Re: [BUG] KASAN: slab-use-after-free in link_path_walk
From: Al Viro
Date: Thu Apr 23 2026 - 01:15:56 EST
On Thu, Apr 23, 2026 at 05:39:06AM +0100, Al Viro wrote:
> Folks, the rules are simple:
> * anything that might be accessed in RCU mode (inode very much included
> for objects that are visible in the tree) must be freed after RCU delay; that's
> what ->free_inode() is for.
> * anything that can't be freed in such context should either be
> dealt with in ->destroy_inode() (if it isn't needed for RCU-exposed methods)
> or, if it really is needed for those, done via schedule_work() or equivalent
> done by ->destroy_inode().
If you do ->destroy_inode() alone, you must use an explicit call_rcu() in there
(or in ->evict_inode(), for that matter), with everything that must be RCU-delayed
done via that callback; strongly discouraged, though, since it's easier to leave
that to fs/inode.c by turning that callback into ->free_inode().

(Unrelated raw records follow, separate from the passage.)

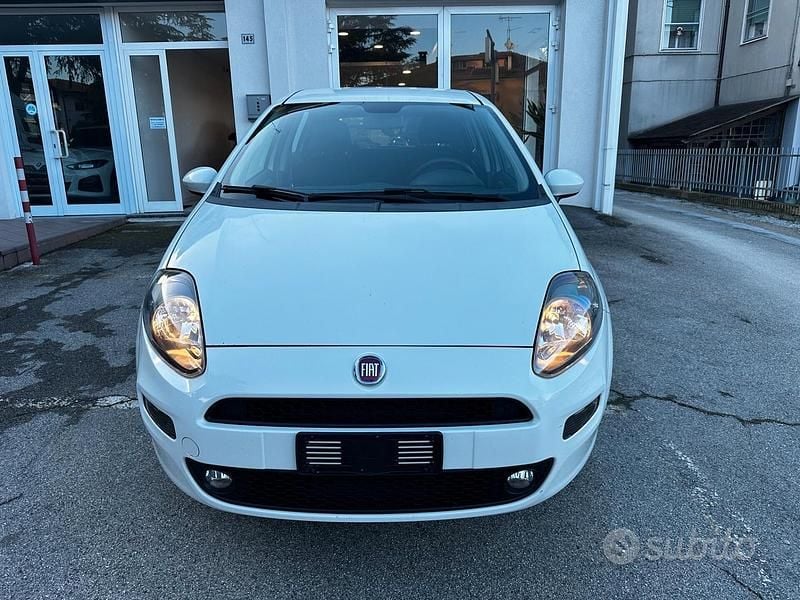 Usata Fiat Punto Young 77 CV (56 kW) 2015 Bianco Utilitaria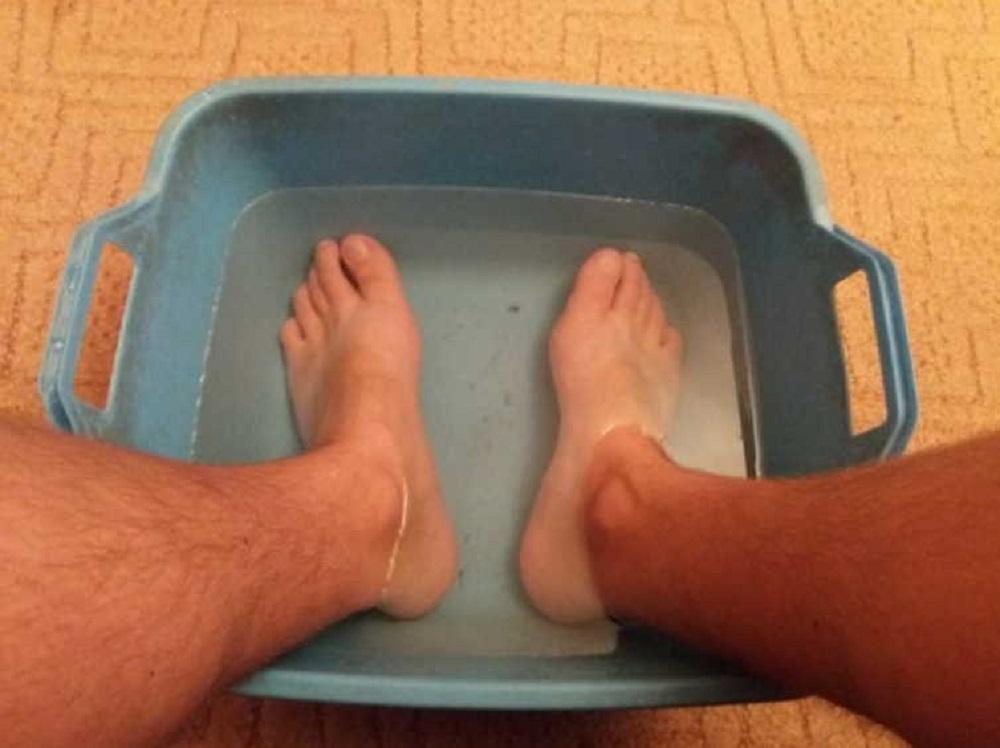 Ванночки сода мыло. Ноги в тазу. Ножки в тазике с водой.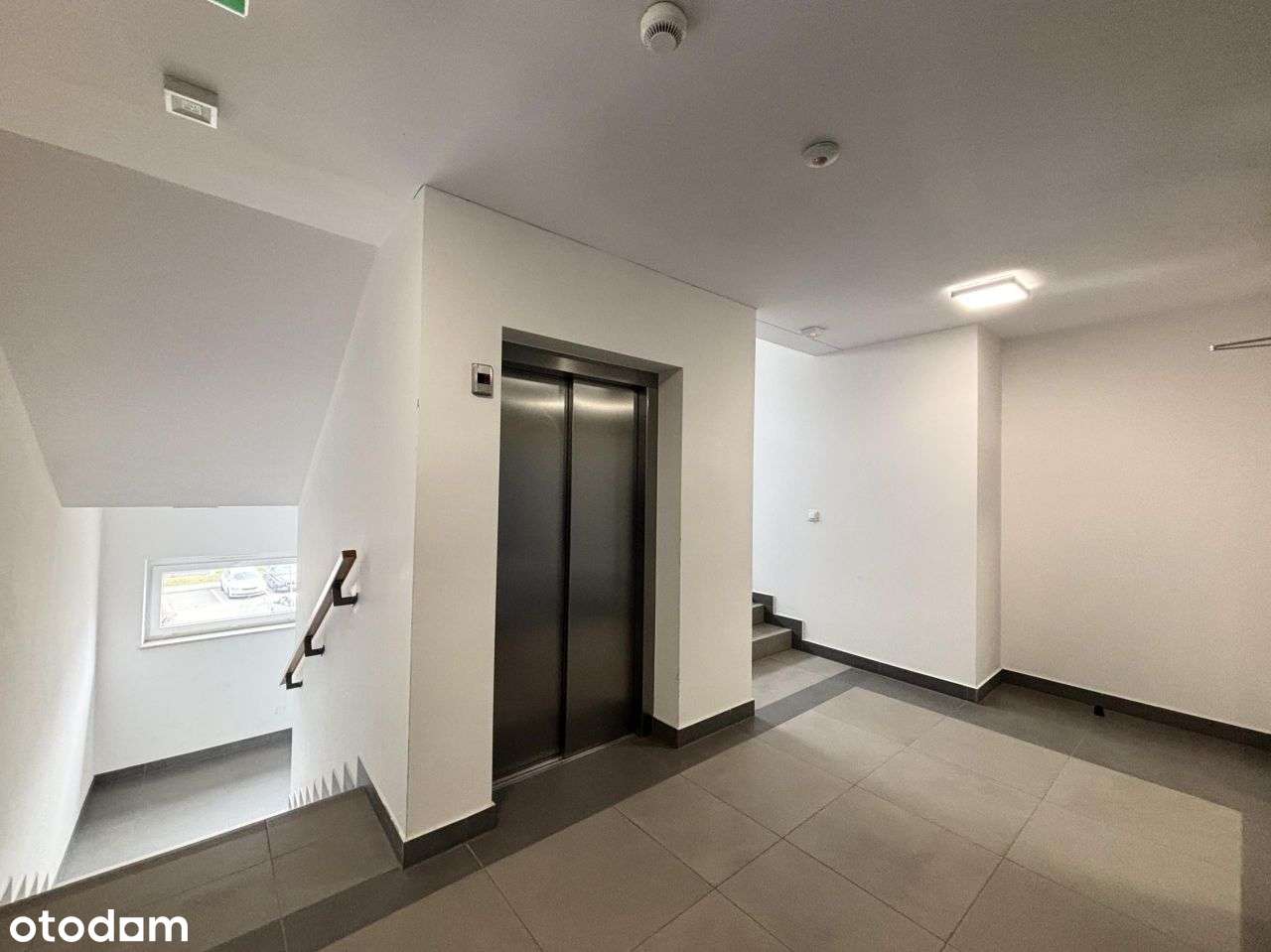 |Jagodno|Komedy|2 Pokoje|Balkon|Garaż|-13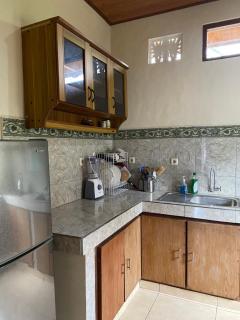 Widi's House with Ubud Jungle Lush View - 8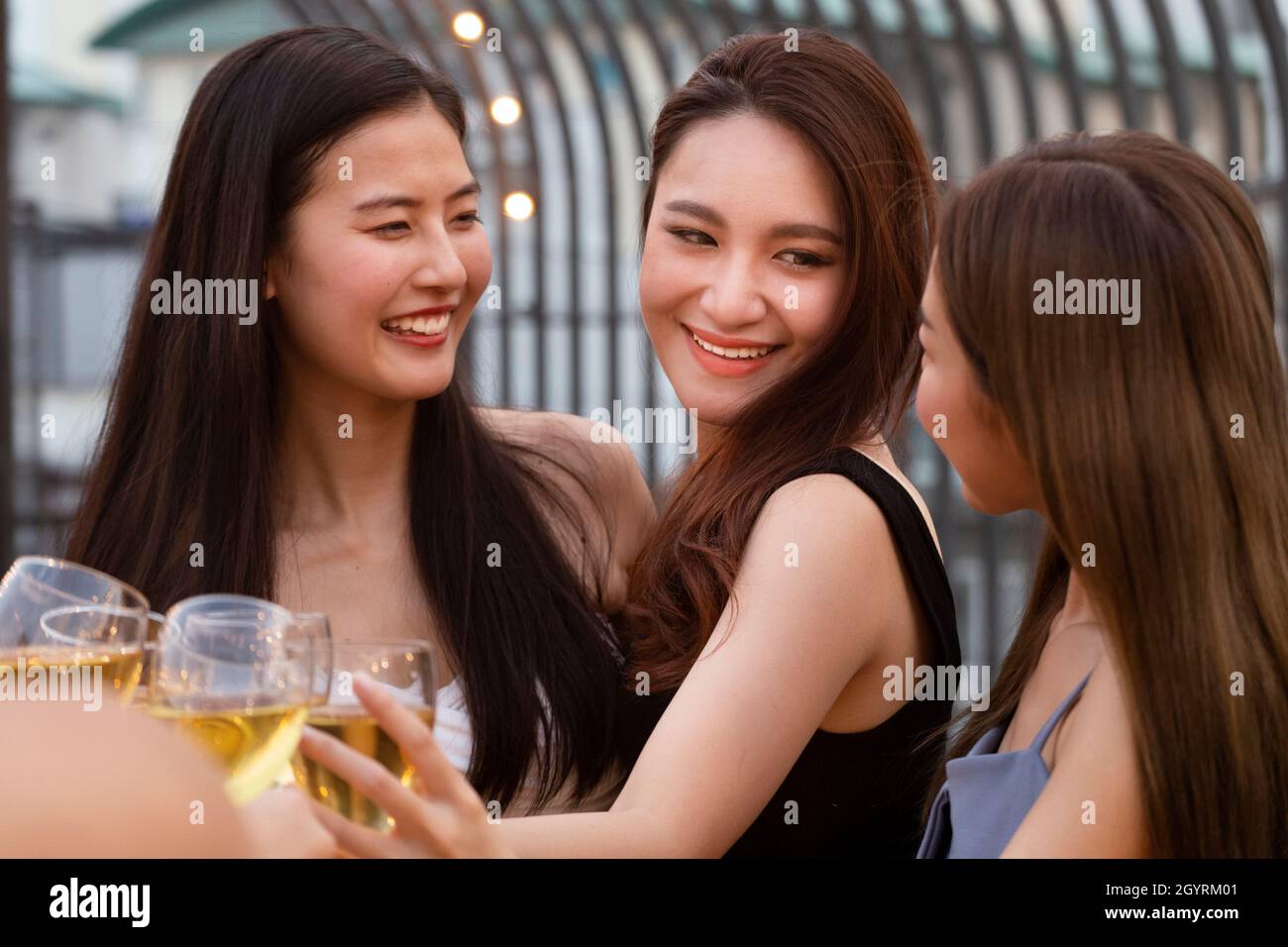 donna asiatica adolescenti brindisi e brindisi con bicchiere di vino frizzante bianco per celebrare a cena festa in estate. celebrazione, rapporto e f Foto Stock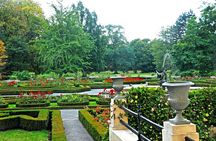 Skip-the-Line Wilanow Palace and Gardens Private Guided Tour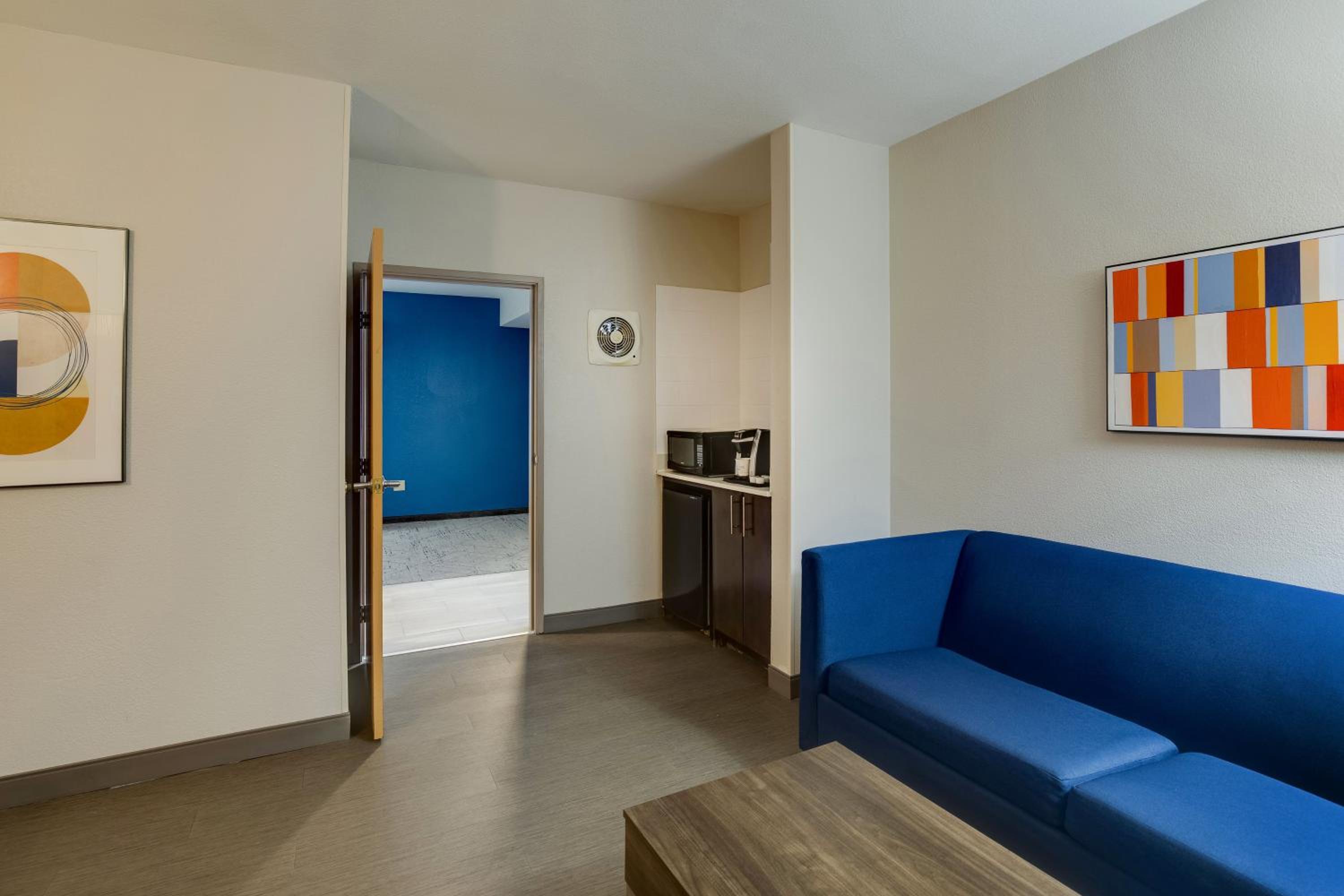 One-Bedroom King Suite - Photo 3
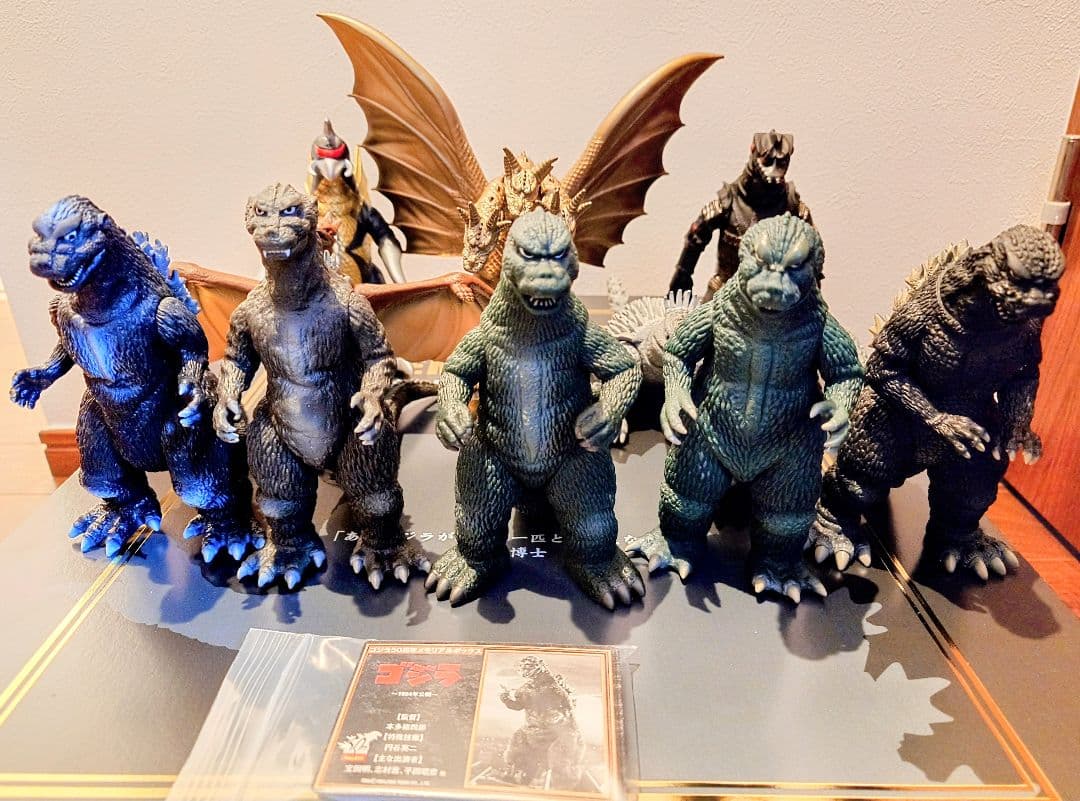ゴジラ50周年メモリアルボックス ソフビ10体＋カードのみ GODZILLA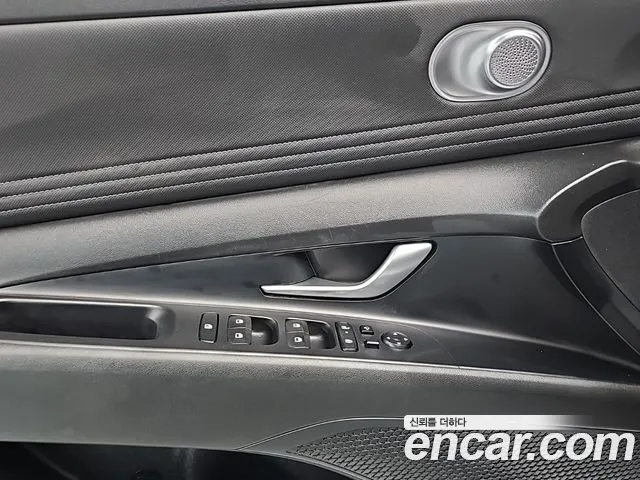Hyundai AVANTE Новый Avante (CN7) — Фото автомобиля 15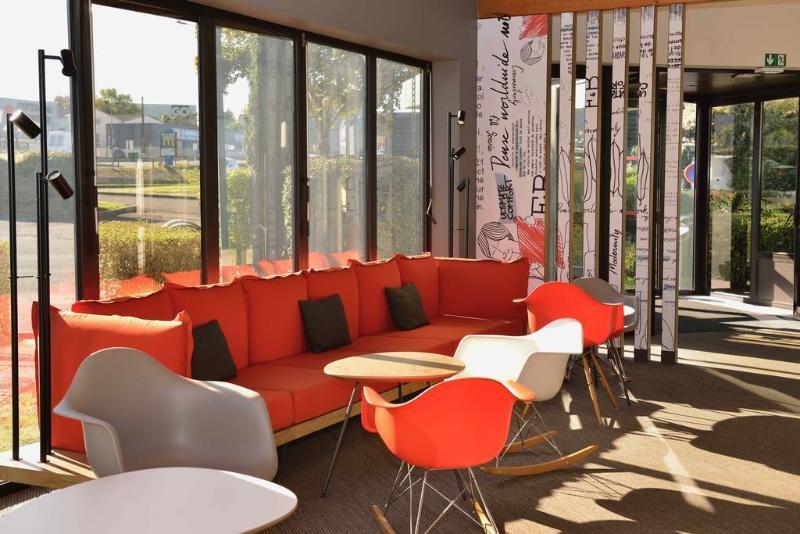 ホテル Ibis Angouleme Nord シャンプニエ エクステリア 写真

> Seeing that bpffs has the grand total of zero RCU-exposed methods (no ->d_compare(),
> no ->d_hash(), no ->permission(), no ->d_revalidate(), no ->get_link()) I would
> guess that it's the case of "have your bpf_any_put() done promptly, leave freeing
> the inode and cached symlink body RCU-delayed".
Other than bpffs there are only two instances of super_operations that have non-NULL
->destroy_inode() and NULL ->free_inode():
static const struct super_operations pipefs_ops = {
.destroy_inode = free_inode_nonrcu,
.statfs = simple_statfs,
};
which is fine, since pipefs inodes are not exposed to RCU pathwalk at all and
static const struct super_operations btrfs_test_super_ops = {
.alloc_inode = btrfs_alloc_inode,
.destroy_inode = btrfs_test_destroy_inode,
};
which is definitely not fine, but since that thing is not exposed to regular
syscalls (only to odd internal selftests, what with not being user-mountable),
presumably it gets away with that. AFAICS, it may end up calling
cond_resched_rwlock_write(&tree->lock);
from drop_all_extent_maps_fast(), from btrfs_drop_extent_map_range(), called
in btrfs_test_destroy_inode(), so it probably needs to leave that call
of btrfs_drop_extent_map_range() in ->destroy_inode() and use their
regular btrfs_free_inode() for ->free_inode().